* TASK TO COMPLETE:
Reproduce word for word the lines between those holding "A pretty Caucasian" and "Pink sweatshirt with", inclusive, and nothing else from the data below.

* RECORDS FOR THE EXERCISE:
>>>>
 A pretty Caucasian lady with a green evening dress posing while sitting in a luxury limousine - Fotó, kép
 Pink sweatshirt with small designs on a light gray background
<<<<
>>>>
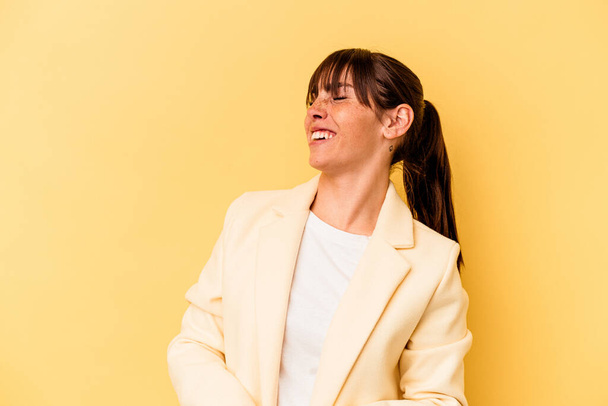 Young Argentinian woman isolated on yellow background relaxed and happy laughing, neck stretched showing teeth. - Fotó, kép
<<<<
* SOLVED EXERCISE:
 A pretty Caucasian lady with a green evening dress posing while sitting in a luxury limousine - Fotó, kép
 Pink sweatshirt with small designs on a light gray background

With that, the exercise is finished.